In late 2011, Pace decided to obtain its boxes from a different Guadalajara-based manufacturer (a company called Flextronics), which led to the agreements at issue here. Pace needed manufactured boxes to fill existing orders from DirecTV, and Sanmina needed to sell the excess components it would no longer need once Pace started using another manufacturer. Pace and Sanmina entered into several contracts to accomplish those things. The contracts were formed not in the traditional way, by formal offer and acceptance, but rather by an informal process allowed under the Uniform Commercial Code: purchase orders and invoices were exchanged that specified quantities and prices; the parties' course of dealing and applicable Commercial Code provisions supplied any missing terms. (See Cal. U. Com. Code, § 2207(3).)
Just before disclosing its plan to switch to Flextronics, Pace ordered 160,020 partially assembled set-top boxes from Sanmina. Sanmina agreed to provide them within two months. The partially assembled units were to be shipped to Argentina, where Pace had a local manufacturing partner that would finish and deliver the final product. But Sanmina was unable to provide all the units Pace ordered, delivering only 114,822. Pace accepted and paid for those, and they were converted into finished boxes for DirecTV.

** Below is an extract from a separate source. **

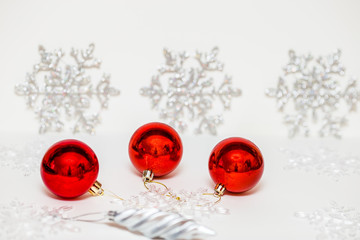 Christmas decorations in red on a light background
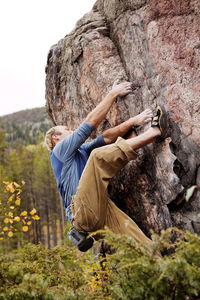 Side view of man rock climbing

Still needing over 45,000 boxes to fill the DirecTV order, Pace decided to have its manufacturer in Argentina build them from scratch. Pace ordered from Sanmina certain components necessary to build the boxes, and Sanmina agreed to ship the parts to Argentina. The shipment was incomplete, however, and the Argentina manufacturer did not receive all the parts it needed. Pressing ahead to produce the boxes, Pace rushed the missing parts to Argentina by air and paid its manufacturer there to add an extra shift to speed production, but those efforts were ultimately fruitless. DirecTV was concerned that the alternative process to manufacture the units in Argentina would delay getting the boxes to its customers, and DirecTV wanted to focus on its more pressing need to obtain a newer model set-top box. Before the remaining 45,000 older models could be produced, DirecTV canceled its order.

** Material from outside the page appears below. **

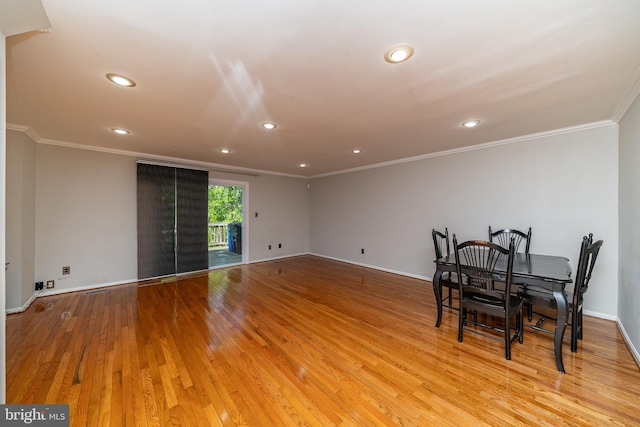 unfurnished dining area with baseboards, ornamental molding, recessed lighting, and wood finished floors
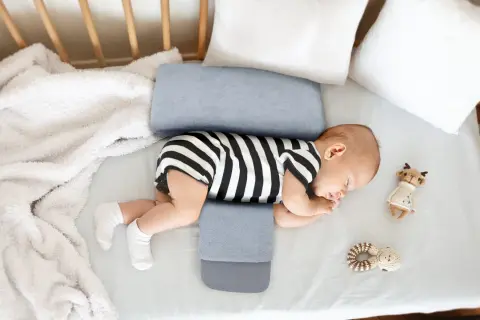Noworodek śpi na boku, podtrzymywany przez poduszkę klin. Czy poduszka klin jest bezpieczna dla noworodka? Tak, jeśli jest używana zgodnie z zaleceniami.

Because its relationship with Pace was ending, Sanmina could no longer use the millions of dollars in components it had on hand. However Pace was still in the set-top box supply business and could use the parts. Negotiations ensued, an audit was conducted at the Sanmina facility, and it was eventually agreed Sanmina would sell about $17 million worth of parts. Pace would pay $9,358,005, and its new partner Flextronics would pay the rest. In the meantime, Sanmina successfully cancelled upcoming deliveries of new parts, which meant the quantity of components on hand would be smaller than anticipated. Sanmina notified Pace and the parties communicated about adjustments to the list of materials Pace was going to purchase. Sanmina ultimately delivered fewer parts than initially agreed upon, consistent with its communications to Pace about having less product on hand than expected.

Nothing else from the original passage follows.